* [The task] A single figure is required: the number of lines in the data below that hold the word "Saree".

[[ Working data open ]]

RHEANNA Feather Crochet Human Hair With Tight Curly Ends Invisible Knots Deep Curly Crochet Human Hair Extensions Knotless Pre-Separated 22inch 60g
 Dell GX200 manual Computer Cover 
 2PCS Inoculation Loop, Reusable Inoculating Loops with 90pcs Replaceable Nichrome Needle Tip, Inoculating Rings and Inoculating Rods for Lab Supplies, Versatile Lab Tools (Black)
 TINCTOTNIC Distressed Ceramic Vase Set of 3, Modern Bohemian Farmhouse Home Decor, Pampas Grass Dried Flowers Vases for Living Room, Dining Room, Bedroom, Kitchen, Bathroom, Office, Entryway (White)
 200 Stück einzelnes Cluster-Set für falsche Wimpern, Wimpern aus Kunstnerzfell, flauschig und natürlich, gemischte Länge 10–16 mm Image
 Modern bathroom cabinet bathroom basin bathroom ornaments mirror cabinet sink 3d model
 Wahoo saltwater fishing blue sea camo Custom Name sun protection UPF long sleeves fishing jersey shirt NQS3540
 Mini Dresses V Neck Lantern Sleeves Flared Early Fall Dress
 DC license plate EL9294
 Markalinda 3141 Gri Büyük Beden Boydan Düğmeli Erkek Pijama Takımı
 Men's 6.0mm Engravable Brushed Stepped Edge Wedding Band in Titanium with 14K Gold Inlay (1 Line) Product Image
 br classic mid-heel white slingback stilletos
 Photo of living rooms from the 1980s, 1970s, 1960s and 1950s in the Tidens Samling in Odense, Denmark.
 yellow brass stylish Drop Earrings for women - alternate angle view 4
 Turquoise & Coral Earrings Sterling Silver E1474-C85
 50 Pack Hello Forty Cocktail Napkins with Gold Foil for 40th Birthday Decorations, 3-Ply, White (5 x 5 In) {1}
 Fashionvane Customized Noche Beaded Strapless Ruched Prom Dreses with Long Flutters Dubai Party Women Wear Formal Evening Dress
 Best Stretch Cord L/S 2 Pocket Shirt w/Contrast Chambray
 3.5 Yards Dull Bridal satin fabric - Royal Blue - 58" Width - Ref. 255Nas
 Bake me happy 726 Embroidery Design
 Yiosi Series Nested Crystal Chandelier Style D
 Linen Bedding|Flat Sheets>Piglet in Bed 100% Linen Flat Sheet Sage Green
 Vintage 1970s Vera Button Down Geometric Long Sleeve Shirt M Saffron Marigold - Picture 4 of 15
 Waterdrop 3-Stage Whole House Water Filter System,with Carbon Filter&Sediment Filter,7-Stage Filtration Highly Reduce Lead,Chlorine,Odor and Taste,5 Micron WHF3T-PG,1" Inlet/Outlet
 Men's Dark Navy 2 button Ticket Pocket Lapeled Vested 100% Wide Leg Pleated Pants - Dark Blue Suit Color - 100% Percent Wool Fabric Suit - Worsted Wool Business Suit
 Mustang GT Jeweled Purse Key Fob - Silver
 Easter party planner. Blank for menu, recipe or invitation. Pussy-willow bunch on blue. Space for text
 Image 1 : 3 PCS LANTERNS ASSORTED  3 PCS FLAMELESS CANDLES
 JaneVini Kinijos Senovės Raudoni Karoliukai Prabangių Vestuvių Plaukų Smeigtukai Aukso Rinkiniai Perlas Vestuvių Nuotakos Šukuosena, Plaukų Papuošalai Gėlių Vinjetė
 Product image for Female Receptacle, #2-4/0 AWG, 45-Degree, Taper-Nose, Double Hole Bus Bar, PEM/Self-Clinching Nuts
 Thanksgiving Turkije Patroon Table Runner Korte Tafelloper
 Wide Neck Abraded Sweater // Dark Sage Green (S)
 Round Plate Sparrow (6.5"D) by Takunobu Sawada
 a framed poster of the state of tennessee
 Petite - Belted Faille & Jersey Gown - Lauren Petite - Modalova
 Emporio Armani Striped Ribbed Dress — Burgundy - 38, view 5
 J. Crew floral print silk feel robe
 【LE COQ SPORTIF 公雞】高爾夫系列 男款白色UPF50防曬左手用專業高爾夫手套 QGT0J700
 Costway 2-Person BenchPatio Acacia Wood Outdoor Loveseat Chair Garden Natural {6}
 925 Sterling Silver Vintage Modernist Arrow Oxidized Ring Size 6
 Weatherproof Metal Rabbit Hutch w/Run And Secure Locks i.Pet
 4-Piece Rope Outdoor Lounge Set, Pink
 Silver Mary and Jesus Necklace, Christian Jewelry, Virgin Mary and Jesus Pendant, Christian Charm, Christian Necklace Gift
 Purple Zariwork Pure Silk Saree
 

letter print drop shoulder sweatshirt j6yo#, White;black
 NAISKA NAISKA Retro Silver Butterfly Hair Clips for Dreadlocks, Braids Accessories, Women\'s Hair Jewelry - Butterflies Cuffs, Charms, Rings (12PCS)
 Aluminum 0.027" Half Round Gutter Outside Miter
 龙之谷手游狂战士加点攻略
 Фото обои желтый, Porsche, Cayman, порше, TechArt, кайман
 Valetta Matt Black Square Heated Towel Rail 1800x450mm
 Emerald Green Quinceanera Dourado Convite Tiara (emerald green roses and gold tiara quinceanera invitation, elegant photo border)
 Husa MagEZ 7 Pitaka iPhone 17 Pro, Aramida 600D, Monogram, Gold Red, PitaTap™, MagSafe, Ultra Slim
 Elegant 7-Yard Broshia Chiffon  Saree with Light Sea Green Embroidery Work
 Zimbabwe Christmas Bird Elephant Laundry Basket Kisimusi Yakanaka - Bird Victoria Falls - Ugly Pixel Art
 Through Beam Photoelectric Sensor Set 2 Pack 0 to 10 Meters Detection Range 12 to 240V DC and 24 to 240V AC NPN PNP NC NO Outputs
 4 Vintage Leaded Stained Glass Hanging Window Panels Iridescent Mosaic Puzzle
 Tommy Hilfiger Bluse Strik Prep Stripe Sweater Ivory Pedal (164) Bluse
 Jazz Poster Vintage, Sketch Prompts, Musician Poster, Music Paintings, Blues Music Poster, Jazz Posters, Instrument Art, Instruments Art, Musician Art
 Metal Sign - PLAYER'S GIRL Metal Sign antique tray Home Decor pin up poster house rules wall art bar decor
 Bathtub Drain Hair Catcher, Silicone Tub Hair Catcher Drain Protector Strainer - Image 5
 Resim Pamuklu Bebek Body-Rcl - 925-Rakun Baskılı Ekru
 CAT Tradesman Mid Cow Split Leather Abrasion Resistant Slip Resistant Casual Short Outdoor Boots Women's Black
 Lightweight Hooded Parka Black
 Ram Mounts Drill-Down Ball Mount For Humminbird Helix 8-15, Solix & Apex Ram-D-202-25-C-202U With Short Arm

[[ Working data closed ]]

* [Answer box] 2